Dataset excerpts:

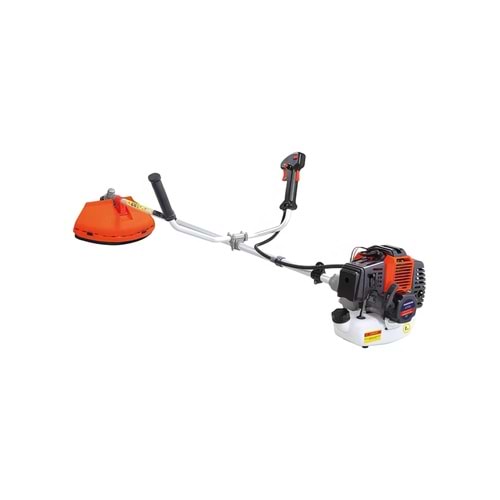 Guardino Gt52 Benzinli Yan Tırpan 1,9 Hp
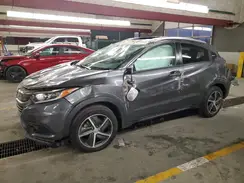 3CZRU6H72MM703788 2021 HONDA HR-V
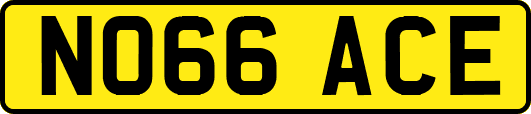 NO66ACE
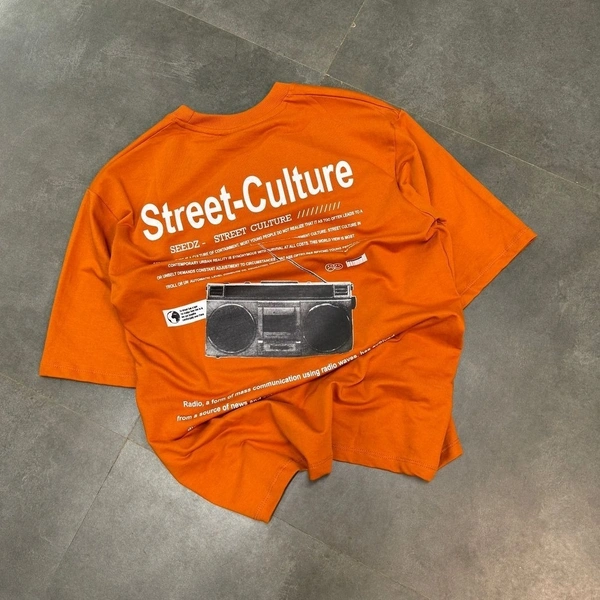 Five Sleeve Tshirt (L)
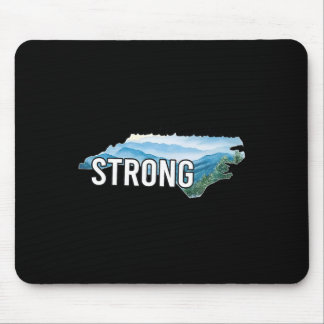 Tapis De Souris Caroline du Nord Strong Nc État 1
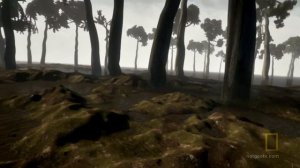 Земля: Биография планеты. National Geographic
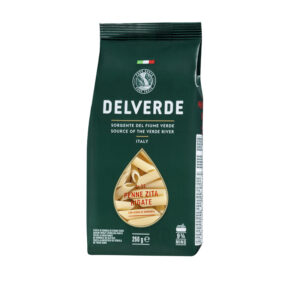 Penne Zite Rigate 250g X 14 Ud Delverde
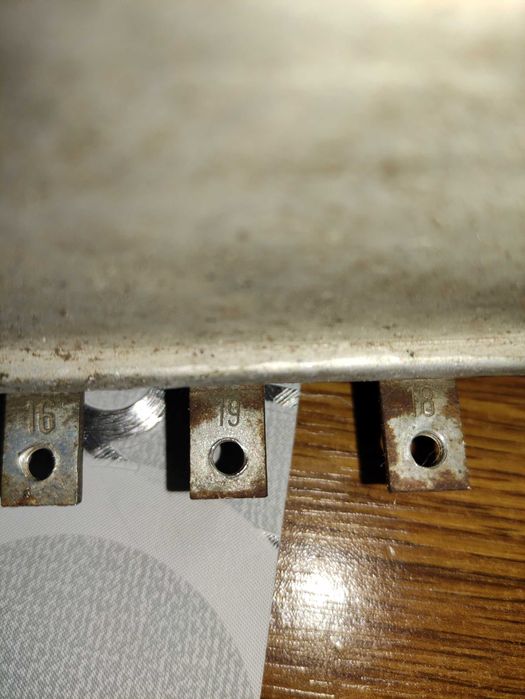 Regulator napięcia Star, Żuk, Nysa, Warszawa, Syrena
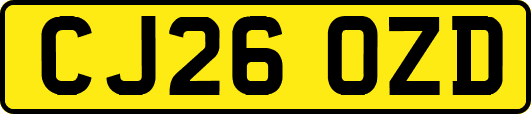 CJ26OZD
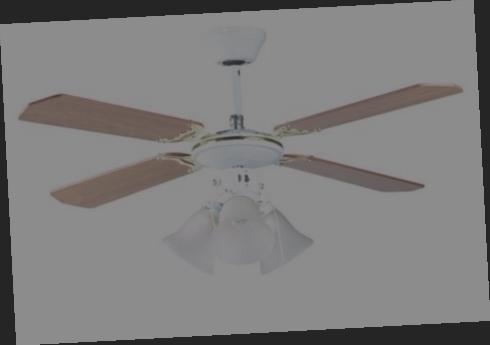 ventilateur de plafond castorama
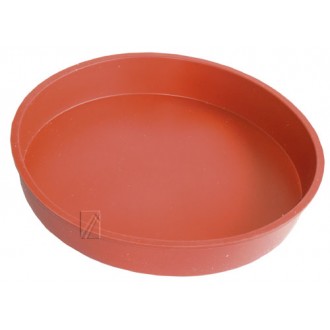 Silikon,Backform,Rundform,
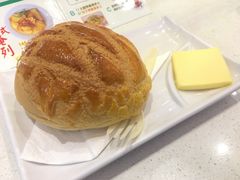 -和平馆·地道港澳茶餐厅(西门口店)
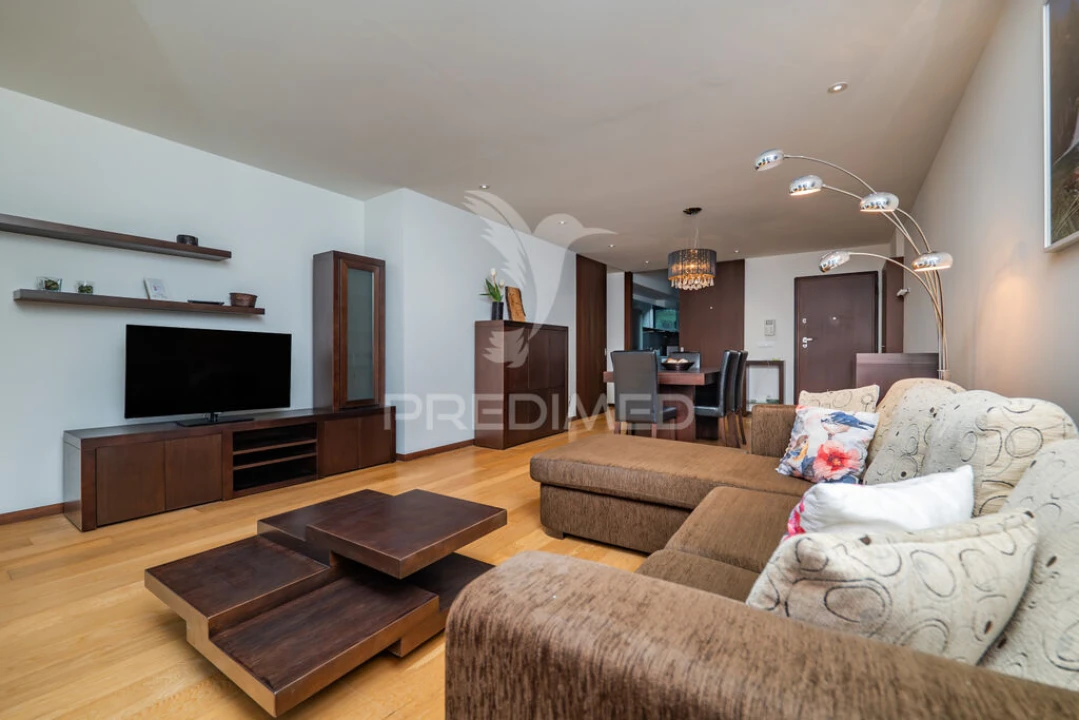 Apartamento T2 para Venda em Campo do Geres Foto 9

Problem statement ▸ Please return the records above exactly as written, dropping every picture.

Task output ▸
 Guardino Gt52 Benzinli Yan Tırpan 1,9 Hp
 3CZRU6H72MM703788 2021 HONDA HR-V
 NO66ACE
 Five Sleeve Tshirt (L)
 Tapis De Souris Caroline du Nord Strong Nc État 1
 Земля: Биография планеты. National Geographic
 Penne Zite Rigate 250g X 14 Ud Delverde
 Regulator napięcia Star, Żuk, Nysa, Warszawa, Syrena
 CJ26OZD
 ventilateur de plafond castorama
 Silikon,Backform,Rundform,
 -和平馆·地道港澳茶餐厅(西门口店)
 Apartamento T2 para Venda em Campo do Geres Foto 9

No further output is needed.